Maurice Vidal Portman (21 March 1860 – 14 February 1935) was a British naval officer, who is best known for documenting several Andamanese tribes between 1879 and 1901 when he was posted as a superintendent of the Andaman Island Penal Colony.

Life and career
Portman was born in Canada, the third son of Maurice Berkeley Portman and Helen Vidal Harris. His father was in turn the third son of Edward Portman, 1st Viscount Portman, and Emma Portman, Baroness Portman. He joined the Royal Indian Marine at the age of 16 and was some time in charge of the Viceroy's yacht.  In July 1879 he was stationed at Port Blair in the Andaman Islands and made Officer in Charge of the Andamanese, a post which he held for more than 20 years with few interruptions (including December 1880 to December 1883 on sick leave, March 1887 to March 1888 on furlough).

Port Blair 

During his time as a colonial administrator at Port Blair, Portman took a large number of photographs of the Andamanese, including some at the request of British Museum (at his own expense) and the Government of India (on payment).
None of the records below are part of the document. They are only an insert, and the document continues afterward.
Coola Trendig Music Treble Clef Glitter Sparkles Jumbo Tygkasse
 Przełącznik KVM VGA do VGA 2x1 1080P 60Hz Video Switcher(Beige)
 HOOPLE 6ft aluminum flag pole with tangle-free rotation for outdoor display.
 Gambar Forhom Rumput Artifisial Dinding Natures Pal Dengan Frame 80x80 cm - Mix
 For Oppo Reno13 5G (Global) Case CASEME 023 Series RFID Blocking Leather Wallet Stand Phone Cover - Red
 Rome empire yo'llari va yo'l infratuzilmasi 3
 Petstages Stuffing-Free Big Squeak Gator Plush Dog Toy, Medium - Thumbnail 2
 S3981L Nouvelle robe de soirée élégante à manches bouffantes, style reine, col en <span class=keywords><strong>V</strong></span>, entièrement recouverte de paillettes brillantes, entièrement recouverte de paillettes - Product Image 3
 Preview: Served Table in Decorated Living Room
Portman also undertook an expedition to North Sentinel Island to contact the previously uncontacted tribe inhabiting the island. During the expedition, the Sentinelese fled at the sight of the expedition, though his party kidnapped two adults and four children, taking them to the capital of the South Andaman Island, Port Blair. The adults died of illness soon after reaching Port Blair, and Portman ordered the children to be sent back with a large number of gifts after a few weeks.
The illness carried by the returning children, who had acquired them in Port Blair, has been suggested by some as the cause of the hostility displayed by the Sentinelese towards outsiders.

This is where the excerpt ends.